§ **Data to use**
§

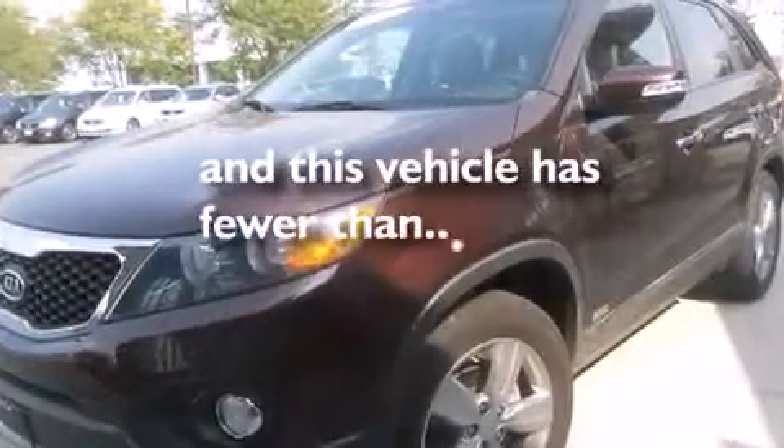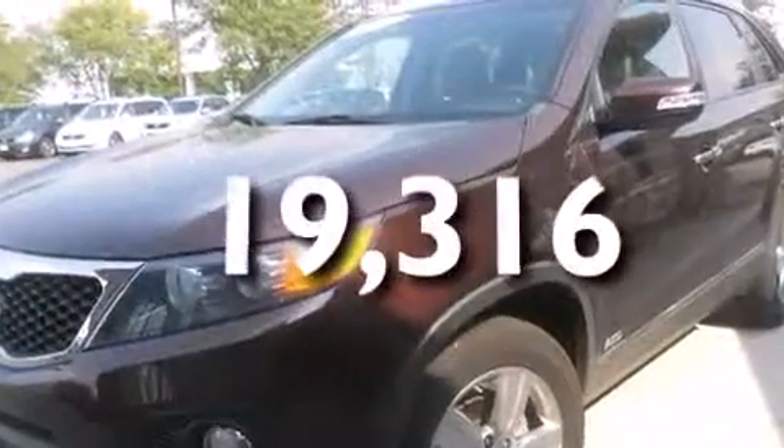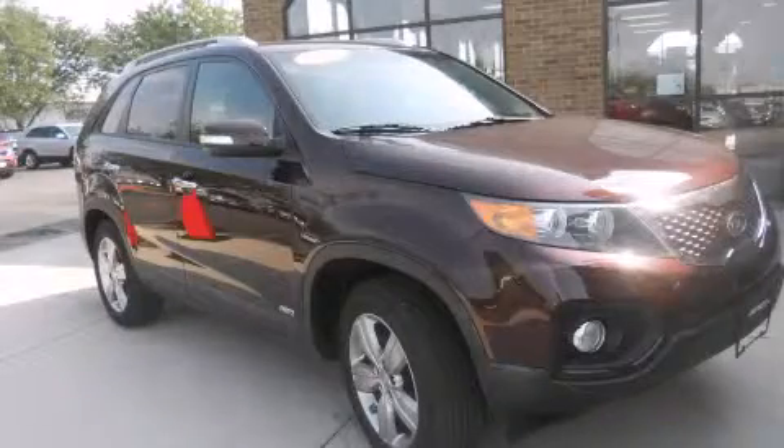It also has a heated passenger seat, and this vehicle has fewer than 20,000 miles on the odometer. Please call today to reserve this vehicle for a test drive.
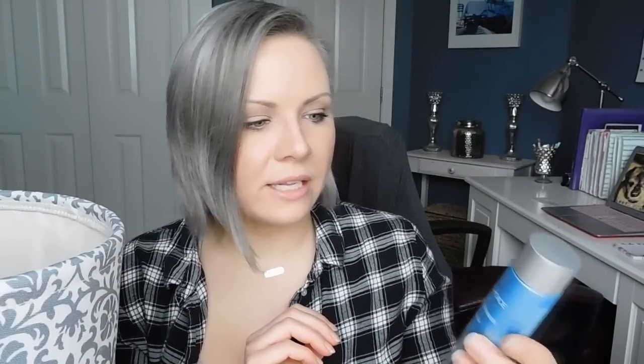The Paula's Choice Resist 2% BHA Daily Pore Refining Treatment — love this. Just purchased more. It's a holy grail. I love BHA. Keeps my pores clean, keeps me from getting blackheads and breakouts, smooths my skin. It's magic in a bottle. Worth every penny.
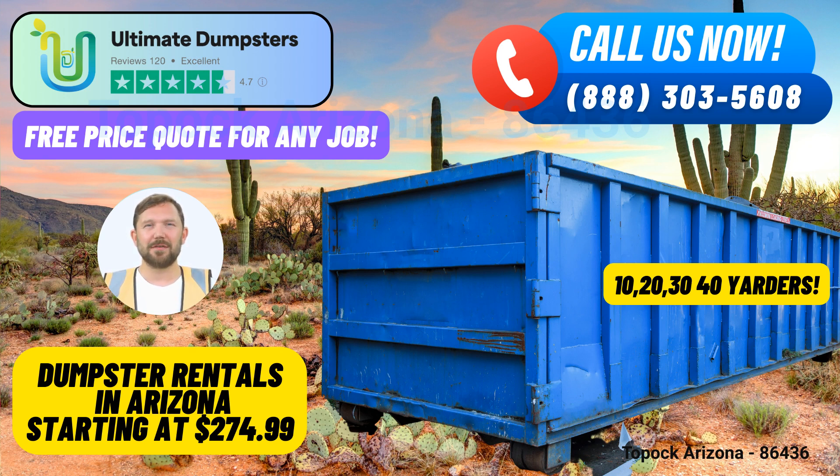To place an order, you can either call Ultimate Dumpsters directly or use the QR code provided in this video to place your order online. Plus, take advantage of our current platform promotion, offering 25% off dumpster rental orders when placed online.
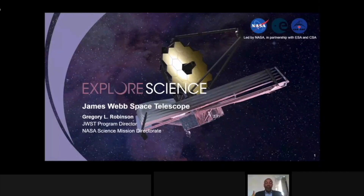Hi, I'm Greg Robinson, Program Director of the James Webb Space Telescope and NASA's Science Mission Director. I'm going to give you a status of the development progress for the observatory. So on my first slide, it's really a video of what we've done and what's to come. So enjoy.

§

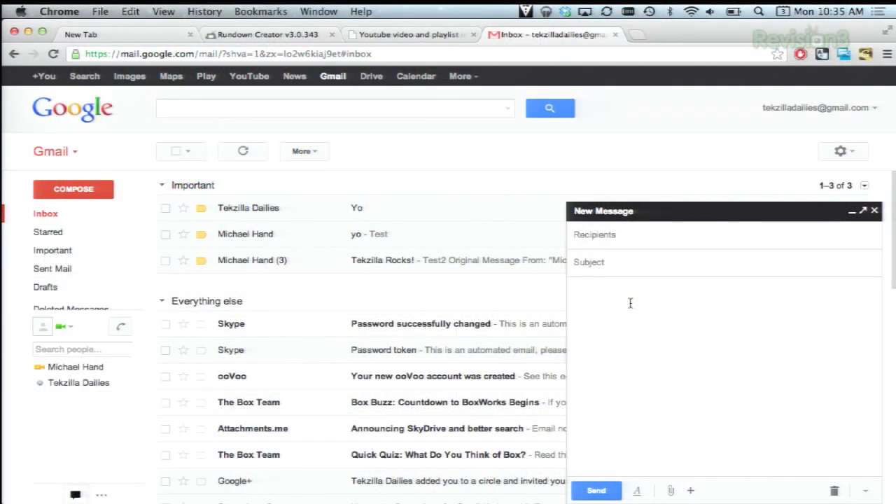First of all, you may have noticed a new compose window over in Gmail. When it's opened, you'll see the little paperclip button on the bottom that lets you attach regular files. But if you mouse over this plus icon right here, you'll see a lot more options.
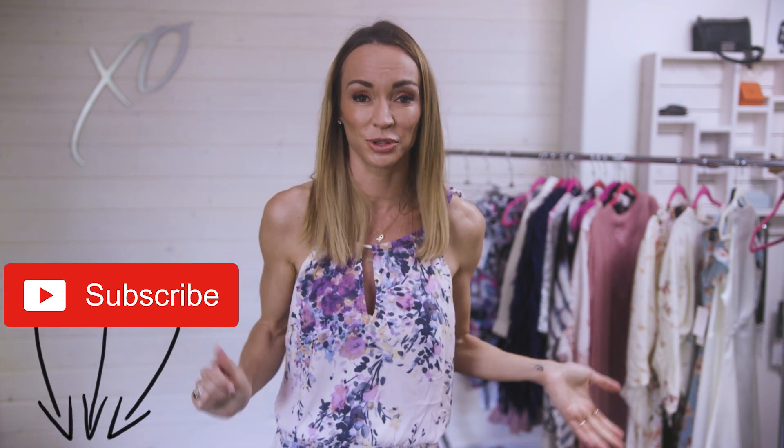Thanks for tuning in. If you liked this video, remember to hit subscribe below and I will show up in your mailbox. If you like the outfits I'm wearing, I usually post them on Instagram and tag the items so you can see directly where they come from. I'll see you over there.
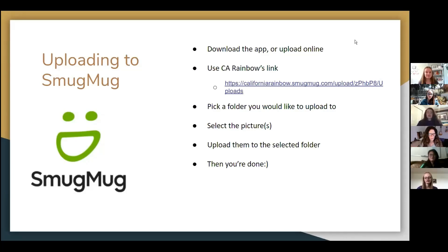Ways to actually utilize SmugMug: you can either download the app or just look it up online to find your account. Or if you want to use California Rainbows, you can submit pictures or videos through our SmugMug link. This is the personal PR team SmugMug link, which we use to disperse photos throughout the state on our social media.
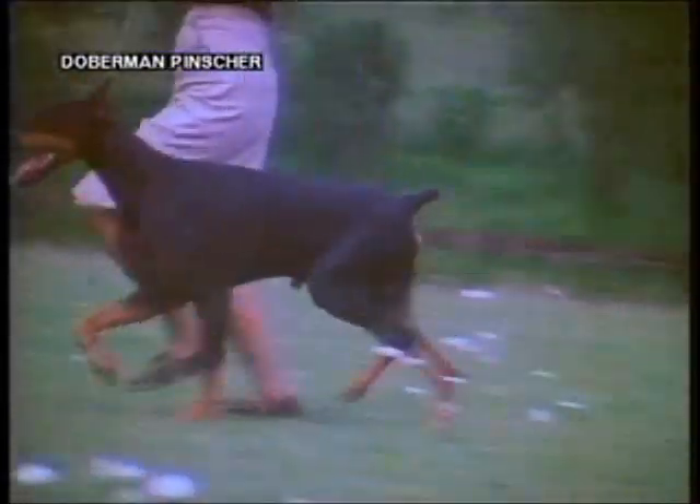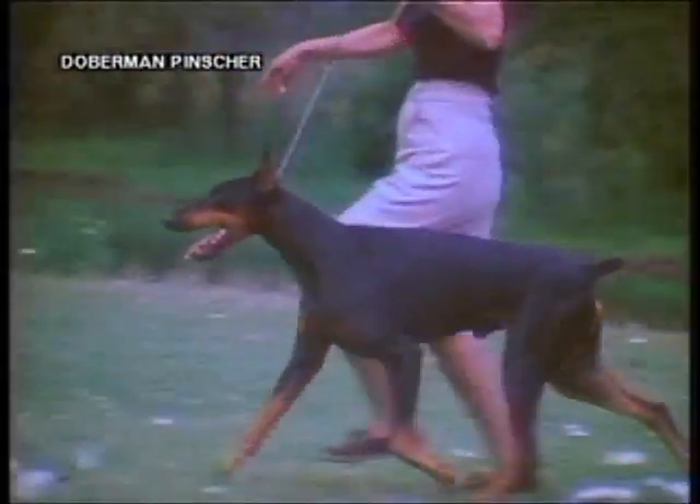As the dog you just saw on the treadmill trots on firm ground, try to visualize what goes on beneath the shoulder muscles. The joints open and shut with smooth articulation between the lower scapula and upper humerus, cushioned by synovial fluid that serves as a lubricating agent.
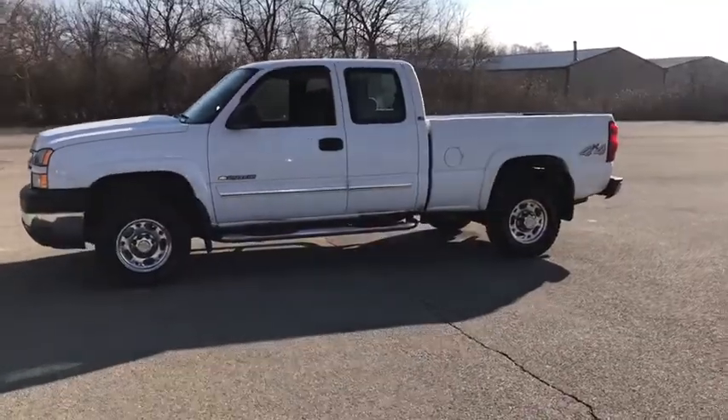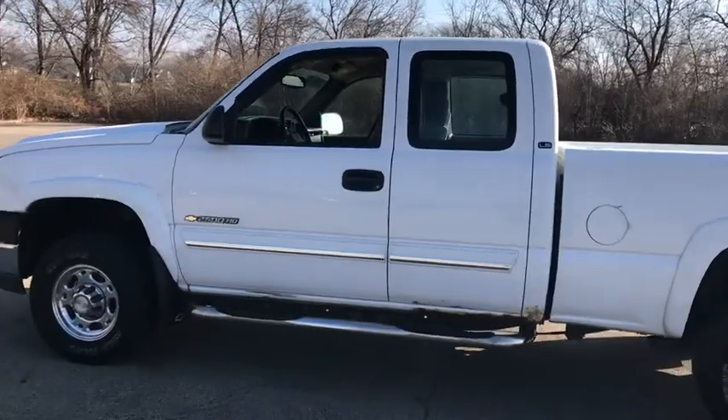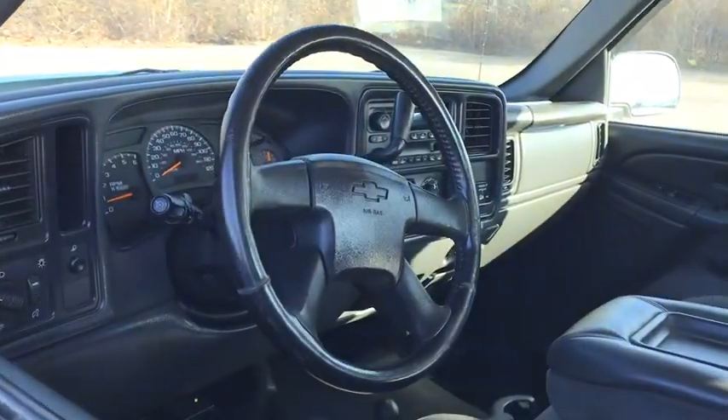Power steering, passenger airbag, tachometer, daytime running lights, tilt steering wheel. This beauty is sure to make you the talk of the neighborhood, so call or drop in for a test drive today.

§

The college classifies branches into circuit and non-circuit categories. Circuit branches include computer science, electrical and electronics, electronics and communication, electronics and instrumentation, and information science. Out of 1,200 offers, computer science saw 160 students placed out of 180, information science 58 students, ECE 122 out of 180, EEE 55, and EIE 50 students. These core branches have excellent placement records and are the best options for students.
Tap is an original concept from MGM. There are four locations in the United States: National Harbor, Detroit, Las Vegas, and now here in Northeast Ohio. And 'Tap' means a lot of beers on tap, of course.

§

§ **Problem to work on**
In the data above, find the line with "To place an" and the line with "Hi, I'm Greg". Please copy exactly those two lines and every line between them, but not the pictures.

§ **Worked solution**
To place an order, you can either call Ultimate Dumpsters directly or use the QR code provided in this video to place your order online. Plus, take advantage of our current platform promotion, offering 25% off dumpster rental orders when placed online.
Hi, I'm Greg Robinson, Program Director of the James Webb Space Telescope and NASA's Science Mission Director. I'm going to give you a status of the development progress for the observatory. So on my first slide, it's really a video of what we've done and what's to come. So enjoy.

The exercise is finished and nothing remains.